15 Mayıs 2013 Çarşamba

İslamoğlu Tef. Ders. MÜ’MİN (30 - 36) (148-C)



B sayfasından devam.

30-) Ve kalelleziy amene ya kavmi inniy ehafü aleyküm misle yevmil ahzâb;

İman etmiş kimse dedi ki: "Ey kavmim! Muhakkak ki ben, sizin üzerinize hakikate karşı birleşmişlerin başına gelenlerin yaşadığı sürecin benzeriyle karşılaşmanızdan korkuyorum." (A. Hulusi)

30 - O iman etmiş olan zat da, ey kavmim! dedi doğrusu ben size Ahzâb günleri gibi bir günden korkuyorum, (Elmalı)


Ve kalelleziy amene ya kavmi inniy ehafü aleyküm misle yevmil ahzâb yine iman eden kimse söze girerek dedi ki ey kavmim inanın ki ben şu inkarda ittifak etmiş toplulukların helakine benzer bir günün sizin de başınıza gelmesinden korkarım.

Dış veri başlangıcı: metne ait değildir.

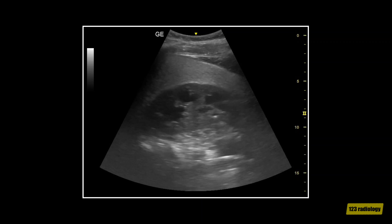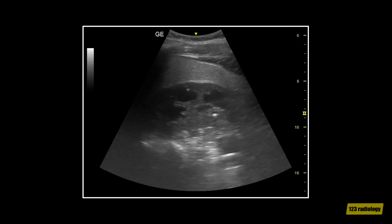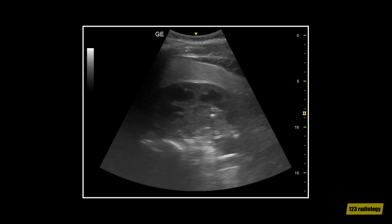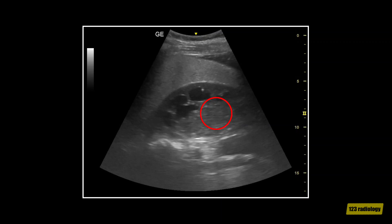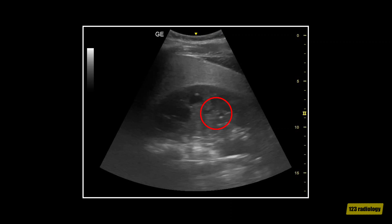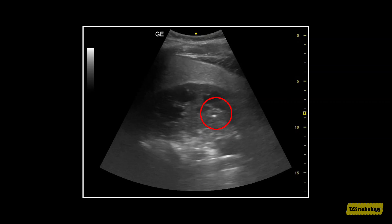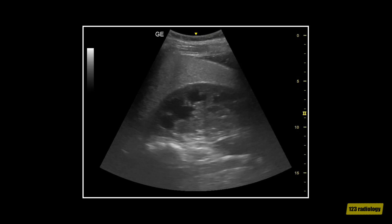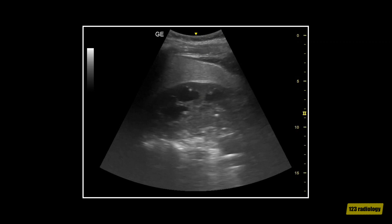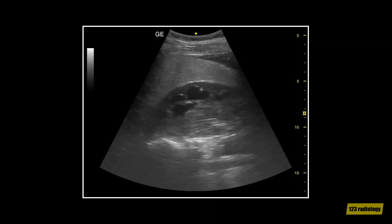This is a longitudinal view of the right kidney in the same patient. It shows a renal stone. Horseshoe kidney can be complicated by hydronephrosis and stone formation.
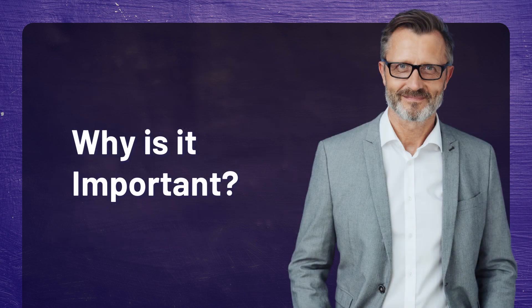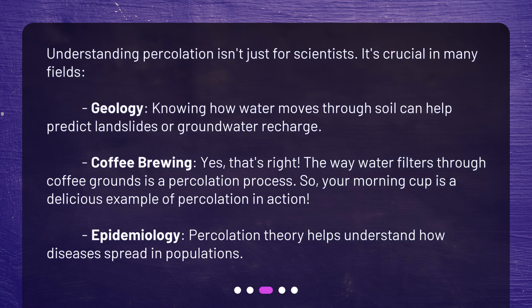Why is it important? Understanding percolation isn't just for scientists — it's crucial in many fields. In geology, knowing how water moves through soil can help predict landslides or groundwater recharge. Coffee brewing — yes, that's right — the way water filters through coffee grounds is a percolation process, so your morning cup is a delicious example of percolation in action. In epidemiology, percolation theory helps understand how diseases spread in populations.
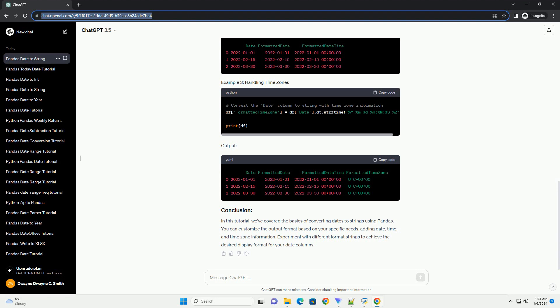adding date, time, and time zone information. Experiment with different format strings to achieve the desired display format for your date columns.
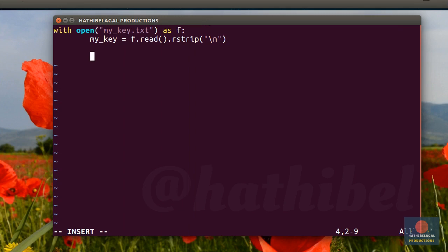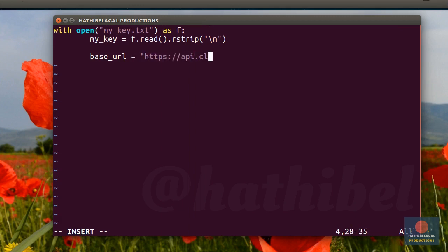Next, let's create a variable to store the base URL of the API. As of January 2019, the URL is api.clashroyale.com/v1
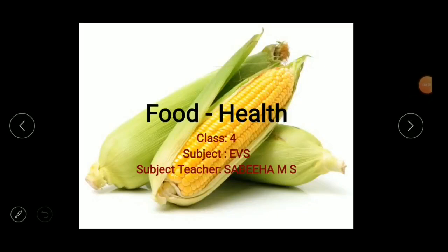Hello children, welcome back to my class. Today we are going to start a new EVS lesson on food and health. Children, tell me what our basic needs are. Yes — air, water, shelter, food, and clothing. Food is one of our basic needs. We need food to get energy, to be healthy, and to do work.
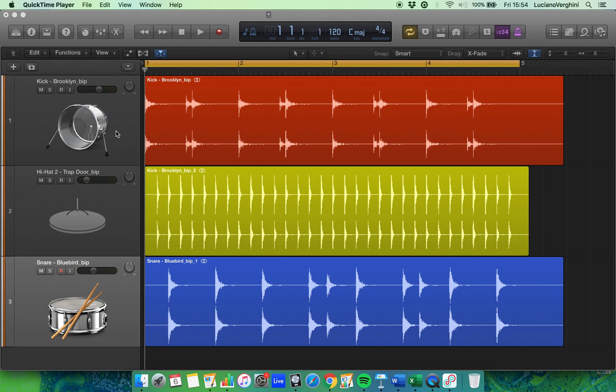In this video we're going to look at how three separate audio regions in Logic travel through the mixing desk and then on their way to the stereo out. So we're going to learn how the mixing desk works.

31-) Misle de'bi kavmi Nuhın ve 'Adin ve Semude velleziyne min ba'dihim* ve mAllâhu yüriydu zulmen lil 'ıbad;

"Nuh toplumunun, Ad'ın (Hud'un toplumu), Semud'un (Sâlih'in toplumu) ve onlardan sonra gelenlerin benzeri... Allâh kulları için bir zulüm irade etmez." (A. Hulusi)

31 - Nuh kavminin Âdın, Semûd’un ve daha sonrakilerin mâcerâları gibi ki Allah kullarına bir zulüm istemez. (Elmalı)


Misle de'bi kavmi Nuhın ve 'Adin ve Semude velleziyne min ba'dihim yani Nuh kavminin, Ad ve Semud’un ve onlardan sonrakilerin uğradıkları türden bir helakin, bir belanın sizinde başınıza gelmesinden korkuyorum. ve mAllâhu yüriydu zulmen lil 'ıbad bir de unutmayın ki Allah kullarına asla haksızlık etmek istemez.


32-) Ve ya kavmi inniy ehafü aleyküm yevmettenad;

(O iman eden adam dedi ki): "Ey kavmim... Gerçekten ben, sizin üzerinize o endişeyle haykırışma sürecinin gelmesinden korkuyorum." (A. Hulusi)

32 - Hem ey kavmim! hakikaten ben size o çığrışma gününden korkarım. (Elmalı)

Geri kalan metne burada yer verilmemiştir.